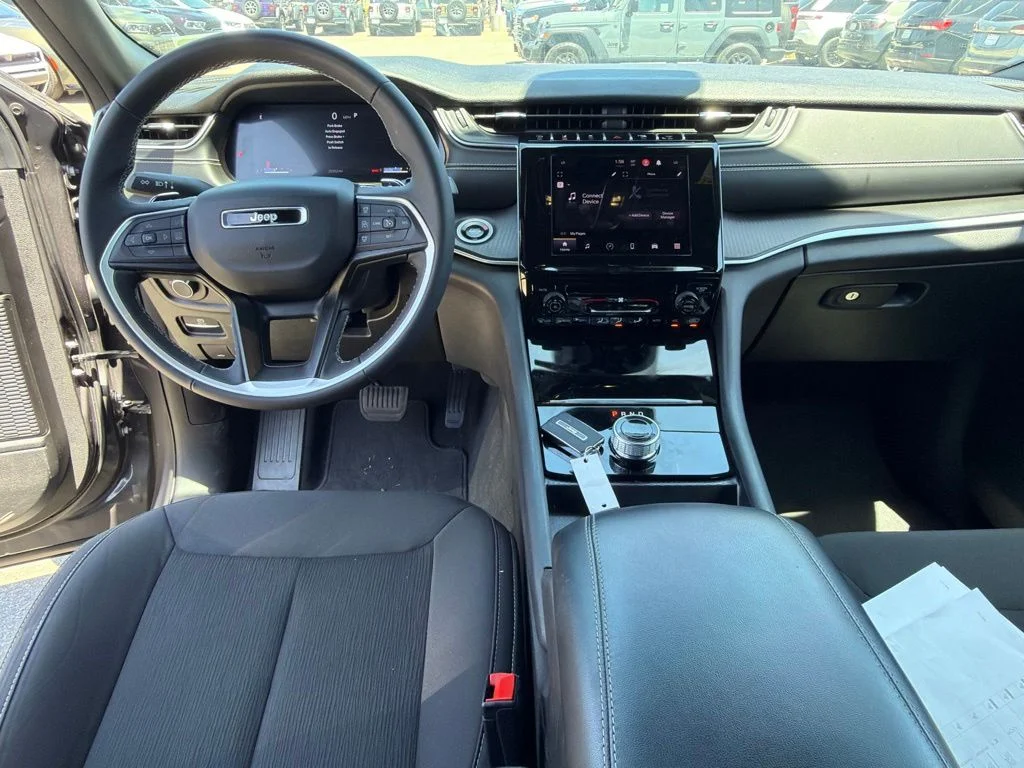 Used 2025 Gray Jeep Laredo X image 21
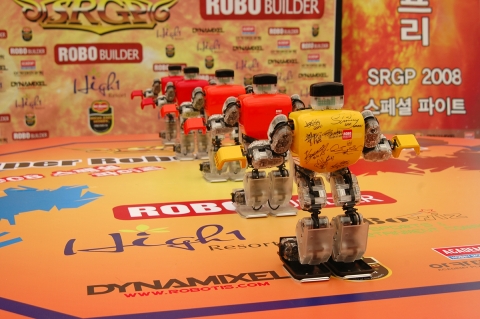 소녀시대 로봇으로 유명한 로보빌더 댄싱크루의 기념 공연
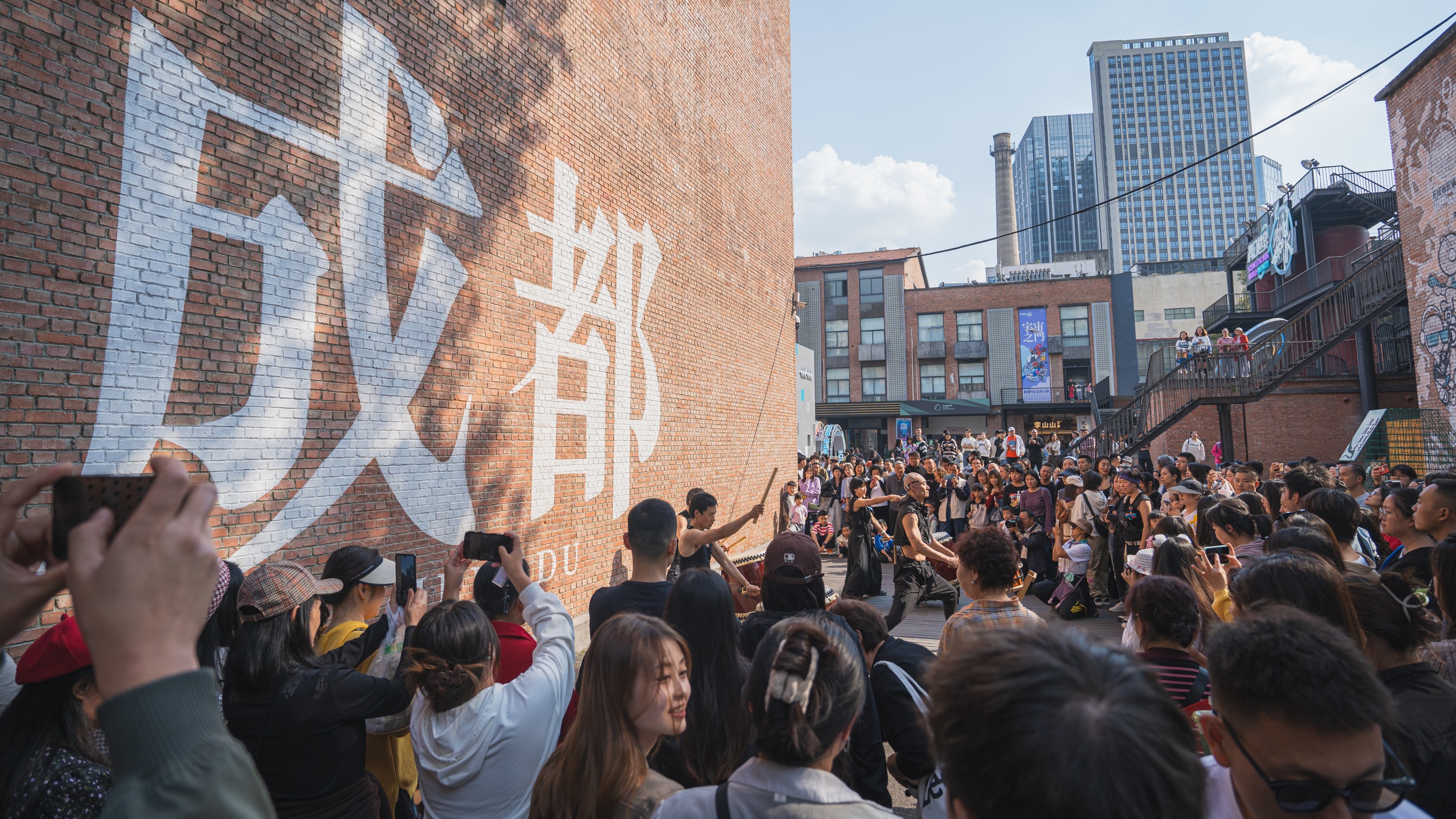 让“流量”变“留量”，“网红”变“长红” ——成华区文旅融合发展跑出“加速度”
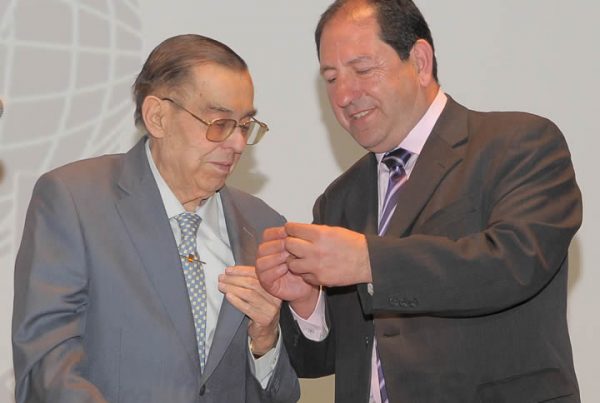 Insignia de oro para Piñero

— Exercise aim —
Copy the data in full. No pictures belong in the copy.

— Result for this task —
 Used 2025 Gray Jeep Laredo X image 21
 소녀시대 로봇으로 유명한 로보빌더 댄싱크루의 기념 공연
 让“流量”变“留量”，“网红”变“长红” ——成华区文旅融合发展跑出“加速度”
 Insignia de oro para Piñero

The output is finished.